== Aim of the exercise ==
Output every line from the beginning of the records through the line that contains "1st Grade Math", exactly as it appears.

== Exercise inputs ==
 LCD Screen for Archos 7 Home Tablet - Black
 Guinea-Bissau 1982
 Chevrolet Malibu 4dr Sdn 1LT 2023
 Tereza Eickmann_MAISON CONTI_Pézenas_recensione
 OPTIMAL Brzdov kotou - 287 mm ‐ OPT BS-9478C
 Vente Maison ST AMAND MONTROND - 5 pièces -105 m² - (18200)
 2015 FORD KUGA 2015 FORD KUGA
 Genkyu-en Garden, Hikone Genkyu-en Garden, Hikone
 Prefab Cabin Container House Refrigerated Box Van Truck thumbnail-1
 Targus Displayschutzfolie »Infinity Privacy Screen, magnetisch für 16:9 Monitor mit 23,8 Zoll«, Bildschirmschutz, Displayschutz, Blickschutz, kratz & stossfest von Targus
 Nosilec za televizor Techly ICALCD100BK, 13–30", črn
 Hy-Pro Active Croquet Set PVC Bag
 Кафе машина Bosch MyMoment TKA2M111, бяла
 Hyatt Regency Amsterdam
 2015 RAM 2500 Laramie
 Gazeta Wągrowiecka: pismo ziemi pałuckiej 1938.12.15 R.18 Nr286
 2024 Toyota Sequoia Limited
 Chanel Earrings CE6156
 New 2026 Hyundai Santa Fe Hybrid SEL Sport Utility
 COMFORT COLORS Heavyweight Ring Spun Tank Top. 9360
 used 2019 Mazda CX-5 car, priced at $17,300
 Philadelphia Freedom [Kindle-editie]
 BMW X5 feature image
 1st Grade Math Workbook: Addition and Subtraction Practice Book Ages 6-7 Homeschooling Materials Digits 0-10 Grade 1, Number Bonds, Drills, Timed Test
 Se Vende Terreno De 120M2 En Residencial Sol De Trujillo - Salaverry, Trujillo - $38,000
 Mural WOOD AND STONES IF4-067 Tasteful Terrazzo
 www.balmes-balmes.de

== Output for this task ==
 LCD Screen for Archos 7 Home Tablet - Black
 Guinea-Bissau 1982
 Chevrolet Malibu 4dr Sdn 1LT 2023
 Tereza Eickmann_MAISON CONTI_Pézenas_recensione
 OPTIMAL Brzdov kotou - 287 mm ‐ OPT BS-9478C
 Vente Maison ST AMAND MONTROND - 5 pièces -105 m² - (18200)
 2015 FORD KUGA 2015 FORD KUGA
 Genkyu-en Garden, Hikone Genkyu-en Garden, Hikone
 Prefab Cabin Container House Refrigerated Box Van Truck thumbnail-1
 Targus Displayschutzfolie »Infinity Privacy Screen, magnetisch für 16:9 Monitor mit 23,8 Zoll«, Bildschirmschutz, Displayschutz, Blickschutz, kratz & stossfest von Targus
 Nosilec za televizor Techly ICALCD100BK, 13–30", črn
 Hy-Pro Active Croquet Set PVC Bag
 Кафе машина Bosch MyMoment TKA2M111, бяла
 Hyatt Regency Amsterdam
 2015 RAM 2500 Laramie
 Gazeta Wągrowiecka: pismo ziemi pałuckiej 1938.12.15 R.18 Nr286
 2024 Toyota Sequoia Limited
 Chanel Earrings CE6156
 New 2026 Hyundai Santa Fe Hybrid SEL Sport Utility
 COMFORT COLORS Heavyweight Ring Spun Tank Top. 9360
 used 2019 Mazda CX-5 car, priced at $17,300
 Philadelphia Freedom [Kindle-editie]
 BMW X5 feature image
 1st Grade Math Workbook: Addition and Subtraction Practice Book Ages 6-7 Homeschooling Materials Digits 0-10 Grade 1, Number Bonds, Drills, Timed Test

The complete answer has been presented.